L’arte di Jascha Heifetz

25/05 - 15.40

L’arte di Jascha Heifetz non ha bisogno di presentazioni: il violinista lituano naturalizzato statunitense è infatti considerato tra i più grandi interpreti del Novecento. Nella sua interpretazione ascoltiamo il Concerto in re maggiore op. 61 per violino e orchestra di Ludwig van Beethoven e il Concerto per violino e orchestra n. 2 in sol minore op. 63 di Sergej Prokof’ev, entrambi con la Boston Symphony Orchestra diretta da Charles Münch.

Il Concerto in re maggiore op. 61 è la principale composizione per violino e orchestra di Beethoven. Scritto in poco tempo alla fine del 1806 su richiesta del violinista Franz Clement, il concerto non riscosse successo fino al 1844, quando l’esecuzione di Johann Joachim, a Londra sotto la direzione di Mendelssohn, aprì la strada alla riscoperta di una partitura che poco concedeva ai gusti correnti. L’estetica Biedermeier privilegiava infatti uno schema concertistico in cui il ruolo dell’orchestra era ridotto al minimo per mettere in luce il virtuosismo del solista. E il Concerto opera 61, invece, si sottrae all’esibizionismo tecnico e alla contrapposizione tra lo strumento solista e l’orchestra che spesso troviamo nei concerti per pianoforte dello stesso Beethoven. Qui il violino instaura con l’orchestra un’inedita complicità sotto il segno di una lirica cantabilità.

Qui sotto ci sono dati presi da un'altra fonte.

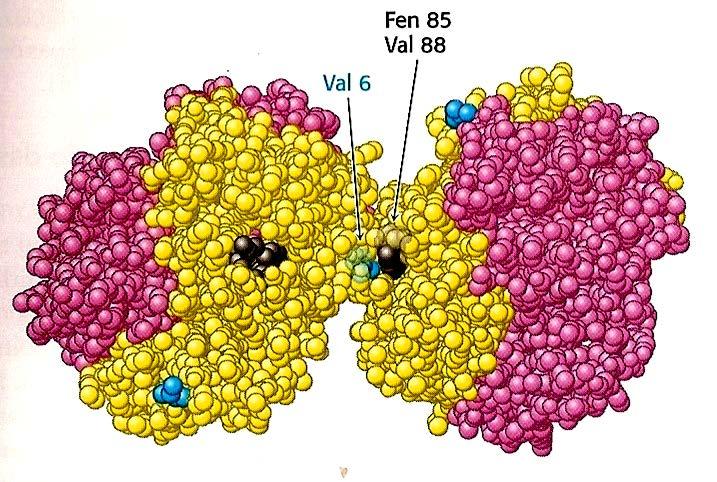 Mutações na HbA Os genes da Hb sofrem mutações que alteram a cadeia protéica - Podem prejudicar a afinidade da Hb pelo O 2 - Originam as Hemoglobinopatias são as anemias hereditárias - ~ 500 tipos de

Lirico e cantabile è anche il Concerto per violino e orchestra n. 2 in sol minore op. 63 scritto da Prokof’ev nel 1935 dopo il suo ritorno in patria. È l’ultima commissione che gli viene dall’Occidente, precisamente dal violinista francese Robert Soëtens. A parte il finale tumultuoso e spagnoleggiante, i primi due movimenti del concerto sono dominati da un’atmosfera meditativa in cui echeggiano memorie del patrimonio musicale tradizionale russo.